WASHINGTON // UAE and US airstrikes forced ISIL militants from neighbourhoods in Kobani on Wednesday as Kurdish fighters struggled to save the town on the border between Syria and Turkey.
The attacks were part of nine strikes in Syria over the last two days conducted by the coalition partners, using bomber, fighter, and remotely piloted aircraft, the US military said.
“All aircraft exited the strike areas safely,” the US Central Command statement added.
The airstrikes come amid growing pressure for international action to halt the advance of ISIL, which has carried out beheadings and other atrocities in the large areas of Iraq and Syria that have fallen under its control.
France on Wednesday backed Turkish calls for a buffer zone along the Syrian-Turkish frontier. The US and Britain said they were willing to “examine” the idea of a safe haven.
Airstrikes near Kobani increased after ISIL hoisted its black flag on the eastern edge of the city on Monday. On Wednesday, the US said they had pushed back the group, which had appeared set to seize the Syrian town after a three-week assault.
Military commanders, however, warned that the town could still fall to the extremists and that it would take more than air power to prevent its capture.
“Air strikes alone are not going to do this, not going to fix this, not going to save the town of Kobani,” Pentagon spokesman Rear Admiral John Kirby said. Ultimately, “capable” ground forces – rebel fighters in Syria and Iraqi government troops – would have to defeat the group, he said.
The US-led air campaign was launched in Iraq on August 8 and extended into Syria on September 23 with military support from the UAE, Saudi Arabia, Bahrain, Jordan and Qatar. Its aim was to halt the advance of ISIL and to buy time to build up “moderate” rebel forces in Syria and Baghdad government and Kurdish troops in Iraq.

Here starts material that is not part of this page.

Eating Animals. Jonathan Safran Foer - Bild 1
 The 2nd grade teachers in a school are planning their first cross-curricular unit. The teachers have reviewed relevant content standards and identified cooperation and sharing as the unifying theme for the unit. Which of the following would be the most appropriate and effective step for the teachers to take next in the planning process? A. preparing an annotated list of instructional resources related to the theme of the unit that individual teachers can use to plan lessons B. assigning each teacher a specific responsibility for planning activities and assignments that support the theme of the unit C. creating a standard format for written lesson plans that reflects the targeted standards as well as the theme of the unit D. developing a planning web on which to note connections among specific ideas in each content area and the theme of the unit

But despite the bombing raids, ISIL have continued to gain ground in some areas, including around Kobani.
About 200,000 people have flooded across the border into Turkey, but some residents who had fled said hundreds more remained two days after militants breached the town’s defences.
Wednesday’s airstrikes included four south of Kobani that destroyed an armoured personnel carrier, three vehicles and an artillery piece, Central Command said.
A fifth raid south-west of Kobani destroyed an ISIL armed vehicle while a sixth strike decimated an artillery cannon on the “southern edge” of the town.
Coalition warplanes on Wednesday also bombed two ISIL positions north-west of Raqqa, hitting a training camp, and a raid in Deir Ezzor, destroying a tank.
America’s top military officer yesterday acknowledged difficulties in tracking the militants from the air.
The chairman of the US Joint Chiefs of Staff, Gen Martin Dempsey, said coalition aircraft were bombing ISIL whenever possible but the militants were often concealing their movements.
“We have been striking when we can,” Gen Dempsey told ABC News.
ISIL fighters are “a learning enemy and they know how to manoeuvre and how to use populations and concealment”, the general said.
He indicated the extremists were more difficult to track as they were staying off of mobile phones or other devices that could be monitored.
“They don’t fly flags and move around in large convoys the way they did,” he said. “They don’t establish headquarters that are visible or identifiable.”
Coalition planes also renewed airstrikes on ISIL in Iraq on Tuesday and Wednesday, with five bombing raids by fighter jets and unmanned drones, Central Command said.
The operation included three strikes west of Baghdad, where Iraqi government forces are under pressure from the militants.
One raid east of Fallujah destroyed an ISIL checkpoint and armed vehicle, a strike in western Ramadi destroyed three ISIL buildings and two anti-aircraft artillery pieces and a bombing run north-west of Ramadi destroyed an ISIL checkpoint, it said.
Coalition forces, which included British and Dutch warplanes, also bombed targets near Mount Sinjar in two strikes.
The coalition has flown more than 4,800 sorties, including refuelling and surveillance flights, since the air campaign began on August 8.
The US has conducted an the majority of the air strikes and other flights, using planes at bases in the region as well as fighter jets on an aircraft carrier in the Gulf.